Reproduce the records below in full and without edits, omitting images.

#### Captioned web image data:
Content starts

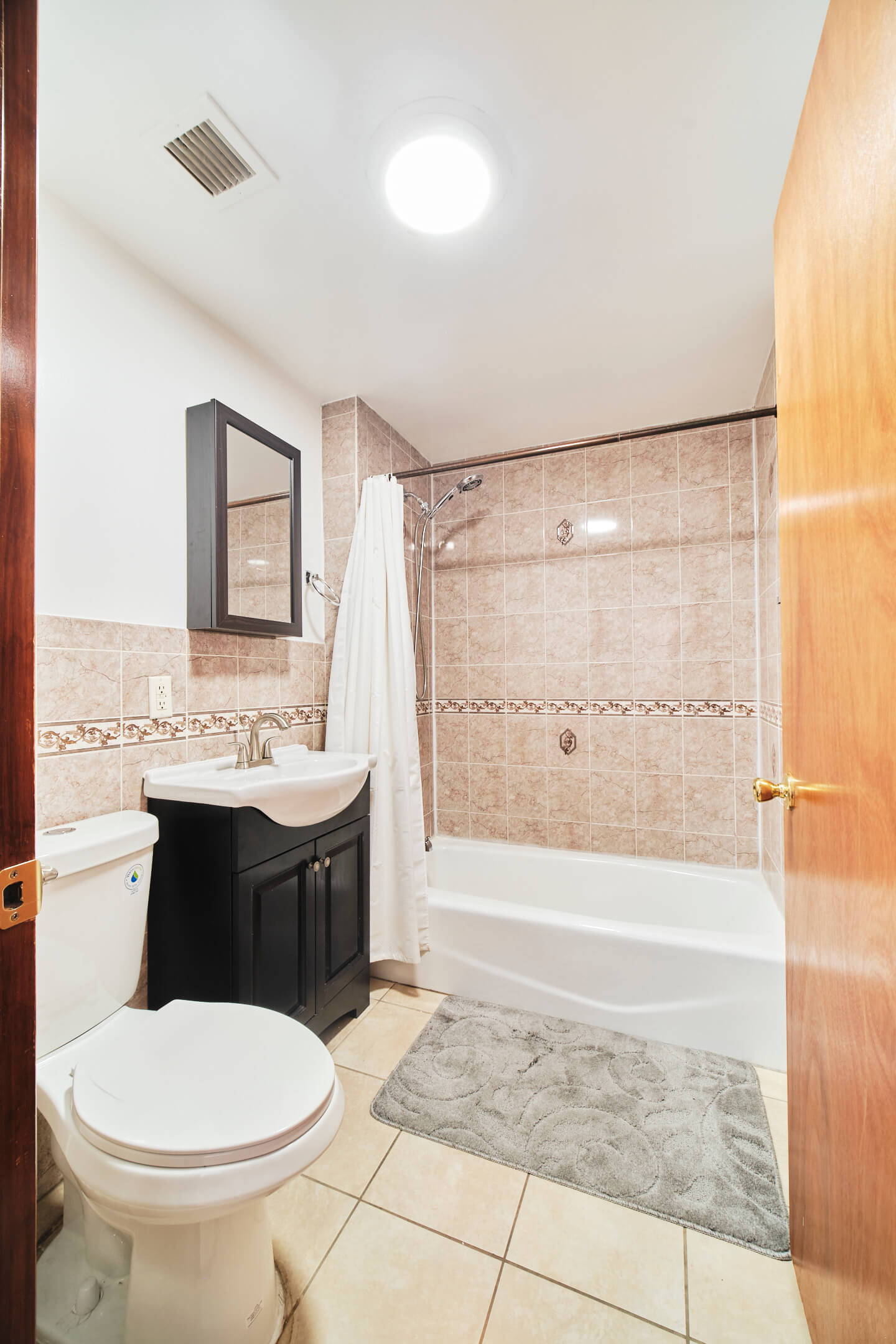91-12 175TH St, JAMAICA, NY 11432 - Real Estate Photography - AirBnB Photography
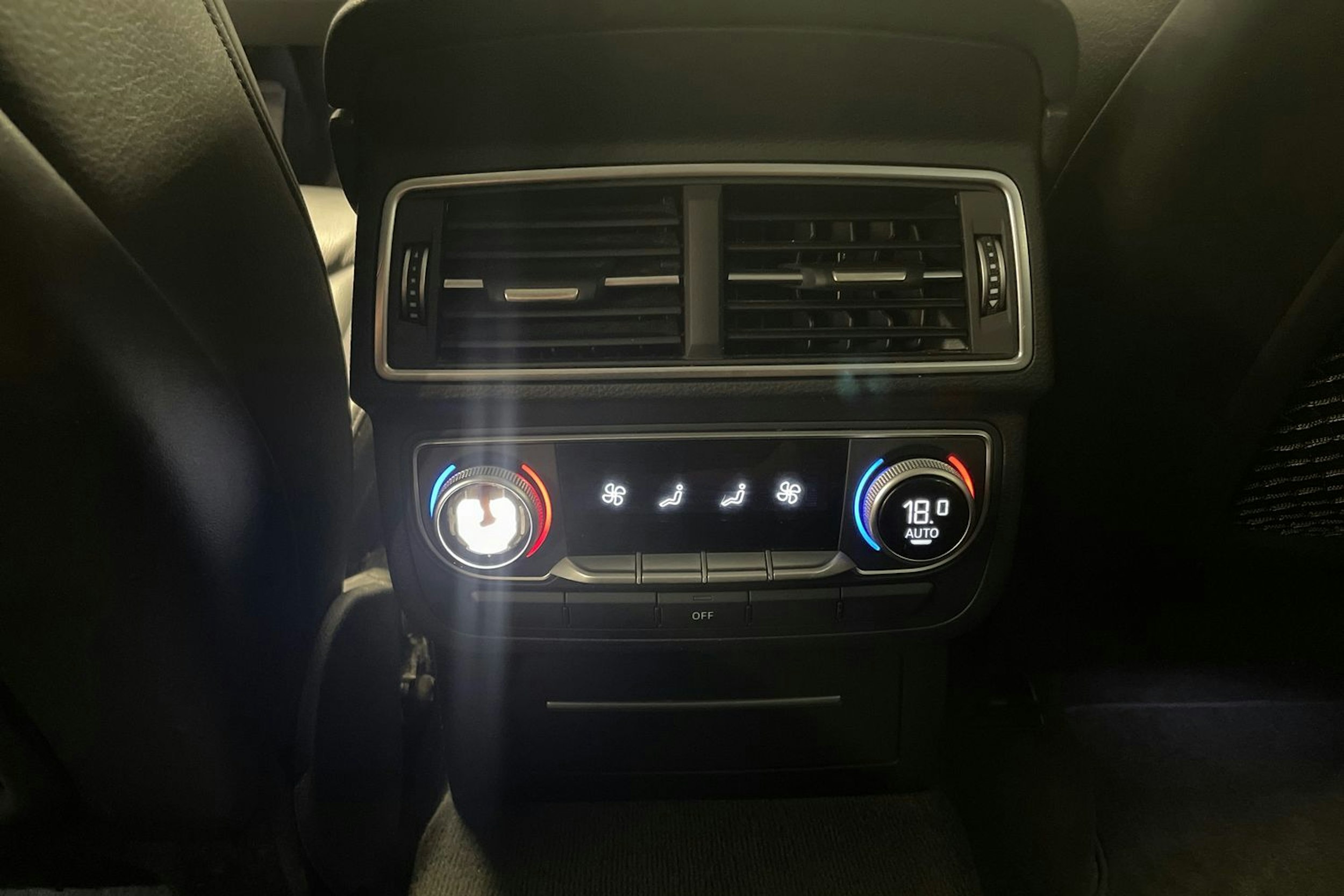 Hopea Audi Q7 2017 kuva 29.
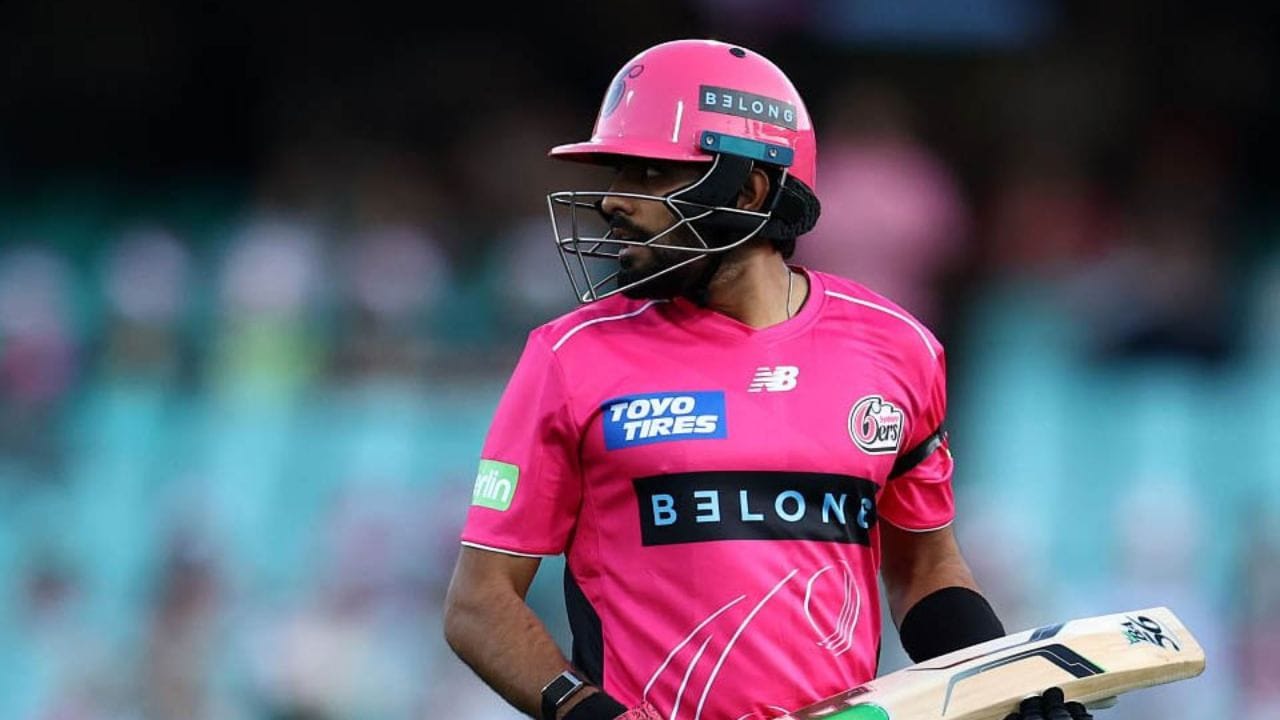 బిగ్ బాష్ లీగ్లో తొలిసారి తన అదృష్టాన్ని పరీక్షించుకుంటున్న బాబర్ చాలా పేలవమైన ప్రదర్శనతో నిరా. బాబర్ ప్రతి పరుగు సాధించడానికి ఇబ్బంది పడాల్సి వచ్చింది. పేలవమైన ఫామ్, జాతీయ జట్టులో చేరడం కారణంగా, బాబర్ సీజన్ మధ్యలో లీగ్ నుంచి నిష్క్రమించాడు. ఫలితంగా, బాబర్ చేసిన ప్రతి పరుగుకు సిడ్నీ సిక్సర్స్ లక్షలాది రూపాయలు చెల్లించాల్సి వచ్చింది.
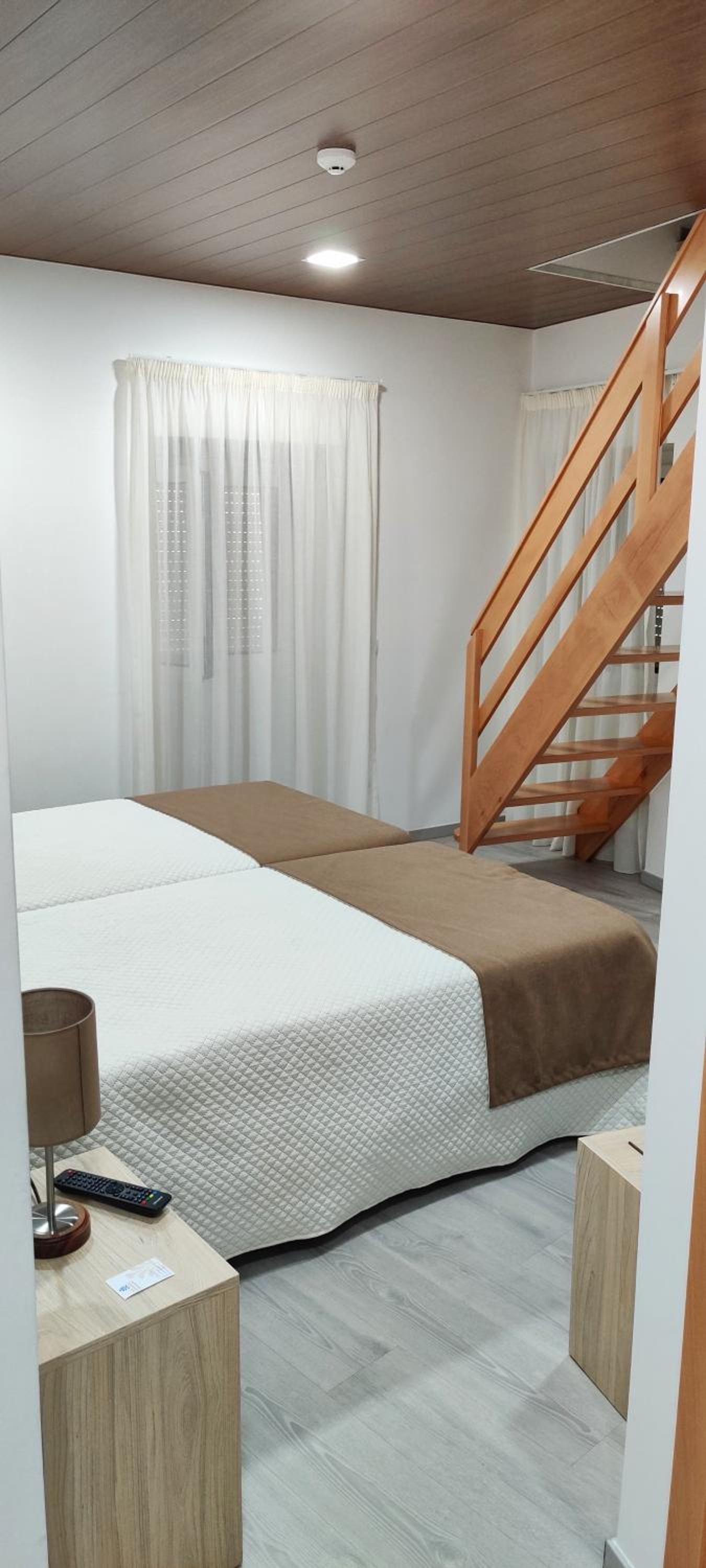 Quadruple Room with Private Bathroom photo 1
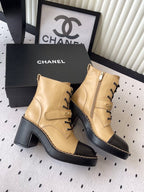 CC Buckle Ankel Boots With Chain 100mm Beige Black Sheepskin GHW 432500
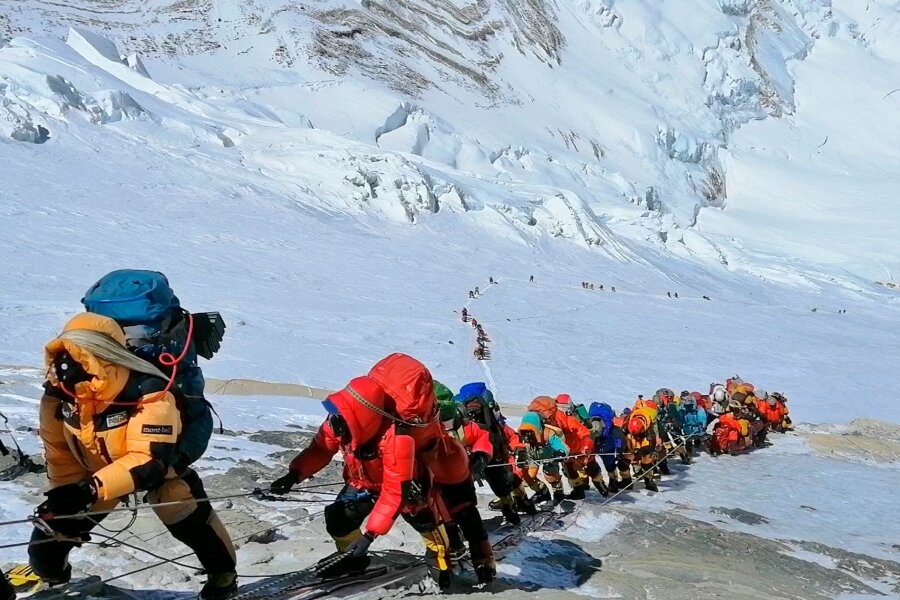 Mount Everest: Tracking-Gerät ist bald Pflicht - In einer langer Schlange gehen Bergsteiger auf einem Pfad knapp unterhalb von Lager vier auf dem Mount Everst. Bald ist ein Trecking-Gerät für jeden Pflicht.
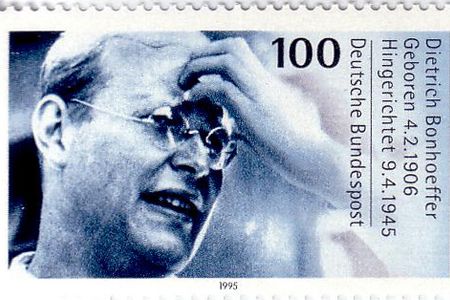 Natürlich ist Dietrich Bonhoeffer in unserer Welt präsent, und das nicht nur für den praktizierenden Christen.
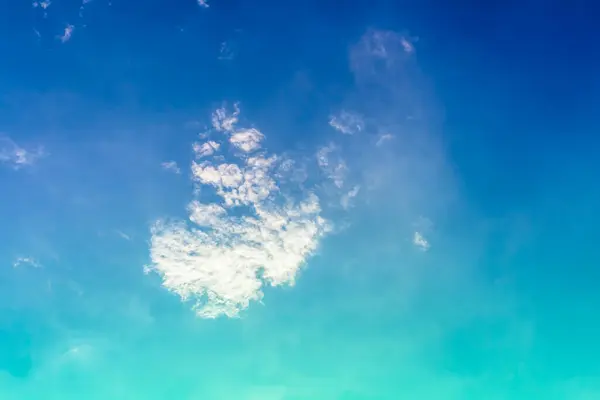 Nuvole Polvere Con Luce Brillante Nel Cielo Verde Blu — Foto Stock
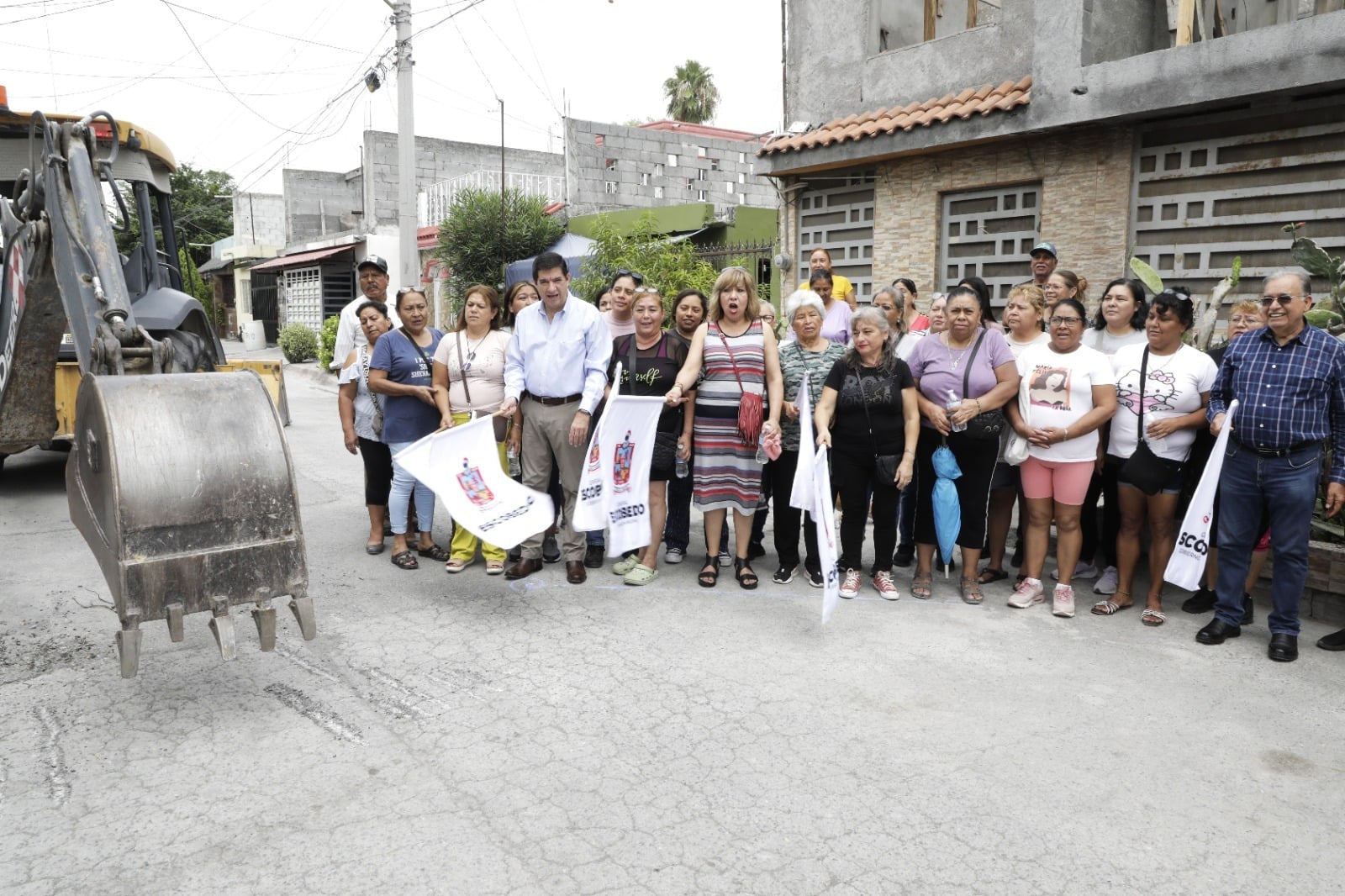Escobedo realiza obras que generan progreso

Content ends

#### RESULT BELOW:
91-12 175TH St, JAMAICA, NY 11432 - Real Estate Photography - AirBnB Photography
 Hopea Audi Q7 2017 kuva 29.
 బిగ్ బాష్ లీగ్లో తొలిసారి తన అదృష్టాన్ని పరీక్షించుకుంటున్న బాబర్ చాలా పేలవమైన ప్రదర్శనతో నిరా. బాబర్ ప్రతి పరుగు సాధించడానికి ఇబ్బంది పడాల్సి వచ్చింది. పేలవమైన ఫామ్, జాతీయ జట్టులో చేరడం కారణంగా, బాబర్ సీజన్ మధ్యలో లీగ్ నుంచి నిష్క్రమించాడు. ఫలితంగా, బాబర్ చేసిన ప్రతి పరుగుకు సిడ్నీ సిక్సర్స్ లక్షలాది రూపాయలు చెల్లించాల్సి వచ్చింది.
 Quadruple Room with Private Bathroom photo 1
 CC Buckle Ankel Boots With Chain 100mm Beige Black Sheepskin GHW 432500
 Mount Everest: Tracking-Gerät ist bald Pflicht - In einer langer Schlange gehen Bergsteiger auf einem Pfad knapp unterhalb von Lager vier auf dem Mount Everst. Bald ist ein Trecking-Gerät für jeden Pflicht.
 Natürlich ist Dietrich Bonhoeffer in unserer Welt präsent, und das nicht nur für den praktizierenden Christen.
 Nuvole Polvere Con Luce Brillante Nel Cielo Verde Blu — Foto Stock
Escobedo realiza obras que generan progreso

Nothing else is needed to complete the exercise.